Still with us? OK, great. Before we get to the main thrust of that argument, though, let’s start by asking a simple question rooted in the present: What has been the biggest difference between the Presidents Cup and the Ryder Cup in the last decade? You could answer this one a number of ways, but the most glaring contrast we keep coming back to is a matter of results. The huge difference?
The Presidents Cup has actually given us competitive matches.
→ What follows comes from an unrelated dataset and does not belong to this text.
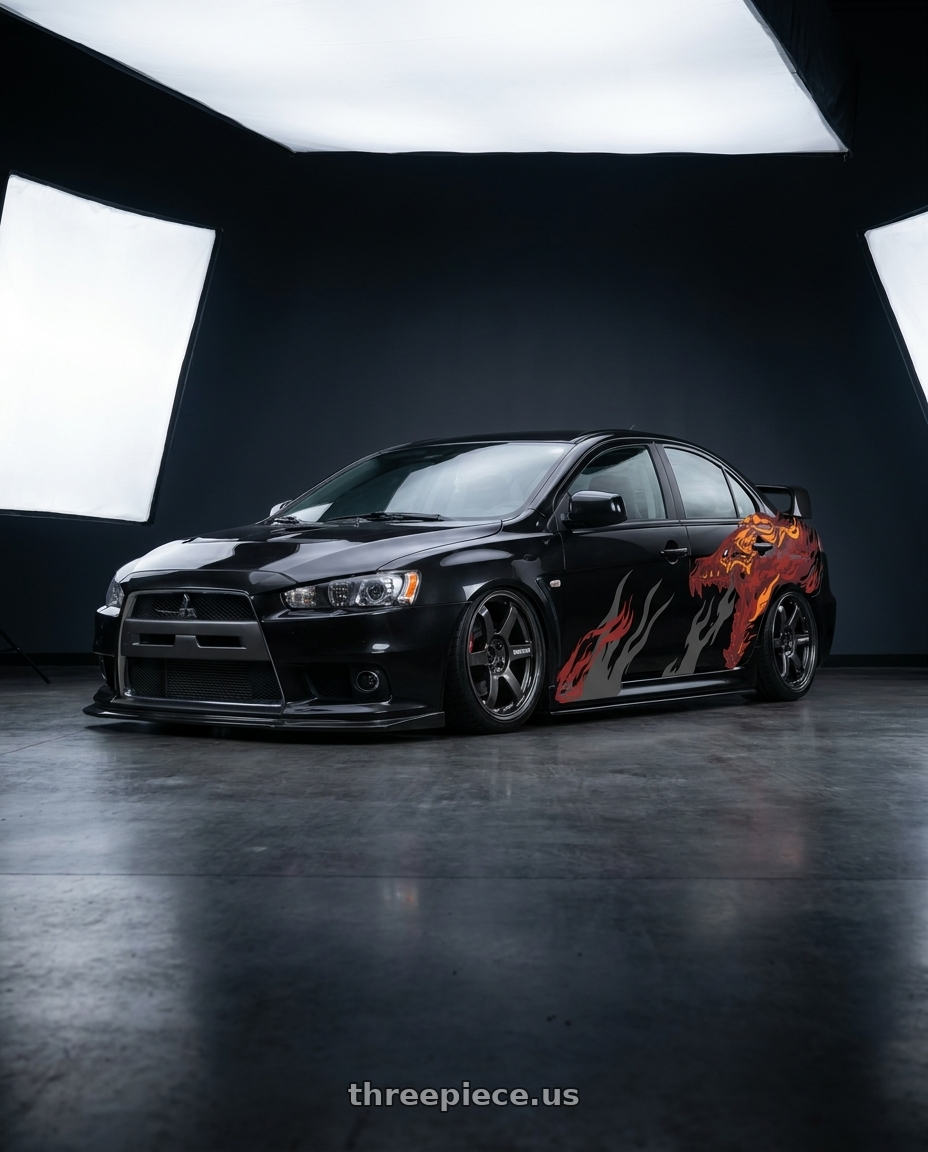 2015 mitsubishi lancer evolution adesivado with Volk Racing TE37 Saga S-Plus 5x100 18x7.5+48 Diamond Dark Gunmetal wheels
Two of them, in fact, which is two more than we’ve seen in that span from the Ryder Cup. As the Rome Ryder Cup was turning into a laugher last fall, I wrote a piece called “The Ryder Cup is broken,” which was immediately and predictably decried by headline readers as a piece of American whining in the face of a glorious European onslaught. The point of the piece, though, was that while the Ryder Cup remains interesting in its ability to manufacture off-course drama, it has become a competitive bore. In all five matches played starting in 2014, the home team has dominated to a stultifying degree, turning the Sunday singles session into a lifeless victory lap. Some believe it’s because the home team has too much control over the course setup. Others (like me) think it has to do with the massive partisan crowds that professional golfers have no clue how to handle. We’re not here to solve that problem, but just to lay out the fact that we haven’t had a Ryder Cup closer than 16½-11½ since 2012, and the only reason we had it in 2012 was due to a historically fluky comeback. Watching Rory McIlroy scream at Bones Mackay in the parking lot las September was still fun, but the actual golf was a dud.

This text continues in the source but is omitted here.